Embar Angylwrath wrote:
I notice Tora dodged the questions about the APC purchases and the 1.5 billion rounds of ammo purchased by DHS. To put that in perspective, that's the same amount of ammo needed to wage an Iraq-style war, for 20 years.
I am pretty sure DHS did not buy any MRAPs (not APC), check your source. DHS has a contract with a company to install new chassis on 2700 MRAPs that would otherwise be among the 12,000 or so that the Army is putting into storage and eventually scrapping for the JTLV in 3 years. DHS / FEMA have been using MRAPS for several years now and since they are essentially down armoring them from their current mine resistant state with a lighter chassis, I am at a loss to what you conspiracy nuts are worried about. They are essentially a cheap SWAT truck for DHS. God forbid we save some fucking money on the deal.
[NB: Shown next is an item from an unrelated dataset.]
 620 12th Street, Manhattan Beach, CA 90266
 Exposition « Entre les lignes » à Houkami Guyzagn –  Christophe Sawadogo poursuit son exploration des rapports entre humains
DHS as an agency is responsible for procurement of ammunition for duty and training for over 45,000 CBP agents and officers, 15,000+ ICE agents, the entire U.S. Coast Guard, the Secret Service, TSA, Federal Air Marshalls, Federal Protective Service officers, and the Federal Law Enforcement Training Center. Nor is this a one year procurement. It is a multi-year procurement. I think the yearly total on the contract comes in at about 320 million rounds, or something like 2,500ish rounds for both training and duty for all of the armed officers, agents and puddle pirates. It is actually quite a little less when you consider the DHS FLETC and ranges that train LEOs from all federal branches and some state and local as well, all pulling from that same pool of ammunition.
Also you might want to fact check that 20 year Iraq-style war claim. That would mean that the Army was only expending around 6,000,000 rounds per month at the height of the war. That then begs the question why the U.S. Army small arms ammo orders topped 1.5 billion in 2006 (having risen steadily to that point since 2000 levels of just under 500,000,000 per year).
Embar Angylwrath wrote:The external pressures it faces are funding-related. They have to keep up the fallacy in order to get funding. They have to pretend they are effective, when their own metrcis show they aren't. (There's a reason why they quit publishing failure rates on challenges... they were't getting any better and the failure rate was terrible).
TSA doesn't have funding issues. TSA's budget over the last 10 years is less than what we spend on the Food Stamps program EVERY year. The reason for not publishing failure rates has jack shit to do with funding. TSA doesn't post them because they don't want to encourage would be terrorists. "Look Achmed, you have a 2 in 10 chance of getting your shoe bomb through the WTMD. Come on, all the cool terrorists are trying it!". The failure rate 5 years ago was terrible. A great deal has changed in those five years in detection training and technology.
Freecare Spiritwise wrote:I may routinely question whether our senators are competent, but treating them like terrorists is a stretch.
So you think we should treat them differently because they are politicians? Fuck that. I am not required to go through screening every time I go to an airport to do my job, but I do it anyway. She wasn't being treated like a terrorist she was receiving the required screening for her hands alarming for nitrates.
Freecare Spiritwise wrote:I still can't forget the TSA threatening to arrest my extremely disabled stepdaughter
I don't know when this happened, but TSA cannot arrest anyone. TSA does not have law enforcement powers. If they are unable to control a passenger they are required to call local law enforcement. In larger airports TSA pays the local police department for the presence of uniformed LEOs, in smaller airports that isn't always possible.
Freecare Spiritwise wrote:We didn't say a word over any of it until they went to put her in cuffs, which I hope no one here is suggesting was appropriate.
As I said TSA does not have law enforcement powers and no TSA screeners even have handcuffs. A TSA screener isn't even allowed to detain you if you decide to just walk through screening and tell them to shove it up their ass. The LEO who tackles you 30 seconds later and hauls you off to jail does though. It is quite possible that you were mistaken as to who handcuffed her as was the case when a woman at Fort Lauderdale claimed that TSA cuffed her to a chair. This happens quite a bit and is a good reason that screeners shouldn't wear badges and police style uniforms.
Freecare Spiritwise wrote: I say fire the bottom half of their screeners and spend that money on more sky marshals.
They are actually called Federal Air Marshals not sky marshals, but that would be a hell of a budget jump and you still wouldn't be able to put a Marshal on all 30,000 domestic flights each day, forget putting them on all flights, and then when would they get a day off. Besides what do the other 26,000 screeners do? Wait times already suck at some airports, take away half the screeners and see if it gets better.